Riot Q1 Data Center Revenue Hits $33.2M on AMD 50MW Deal
Riot Platforms reported Q1 data center revenue of $33.2M, a first major contribution from the segment as it reduces reliance on Bitcoin mining. Data centers contributed about 20% of Riot’s total revenue of $167.2M, while mining revenue declined year over year.
The ramp is tied to an AMD capacity contract. AMD increased contracted capacity to 50 MW (expandable up to 200 MW). Riot activated additional capacity under the long-term lease with AMD, with the first 5 MW delivered and the remaining expected to come online in Q2. Most of the near-term revenue came from lower-margin preparation services, including equipment supply and tailored installation, before a shift toward higher-margin recurring income as capacity scales.
Riot also sold 3,778 BTC in the quarter but still holds 15,679 BTC (about $1.2B at current prices). Shares rose 7.9% to close at $17.24, reflecting trader optimism that AMD-backed, contract-based data center cash flow could better stabilize results as AI infrastructure demand grows.

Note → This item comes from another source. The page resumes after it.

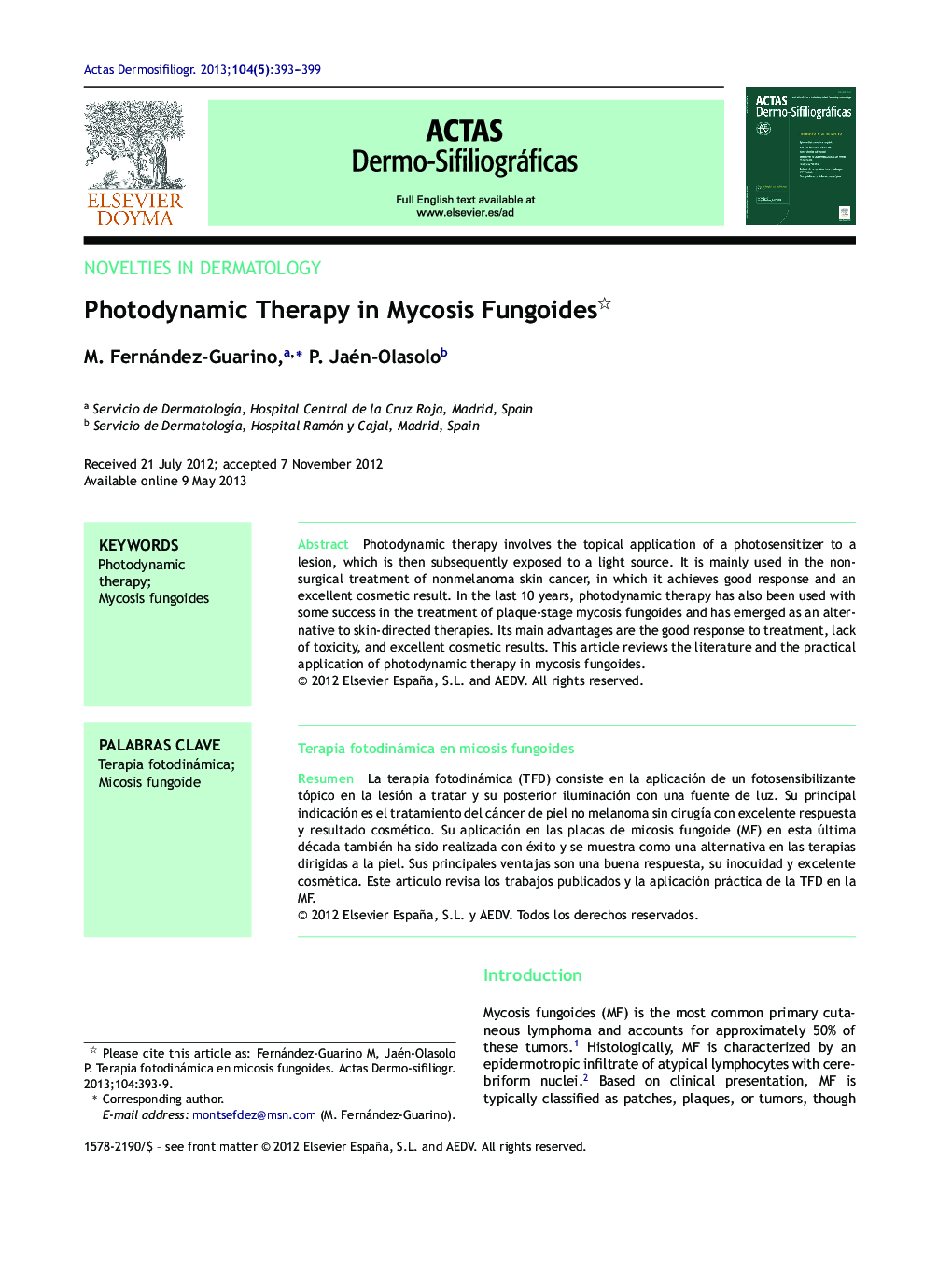 Photodynamic Therapy in Mycosis Fungoides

Company updates included a data center leadership change to support hyperscaler/AI rollout.
Neutral
For BTC itself, the news is largely indirect. Riot’s data center growth and the AMD-backed ramp are positive for company diversification and could improve sentiment toward mining equities, but they do not change BTC’s near-term fundamentals (difficulty, emissions, spot supply/demand) in a direct way. In the short term, BTC could see mild sentiment lift if traders interpret Riot’s steadier cash-flow path as reducing long-run sell pressure. However, Riot still sold 3,778 BTC and continues to hold a large inventory (15,679 BTC), so BTC supply risk from miner trading activity remains a consideration. Overall, the primary impact is sector/corporate sentiment rather than a direct BTC price driver—hence a neutral classification.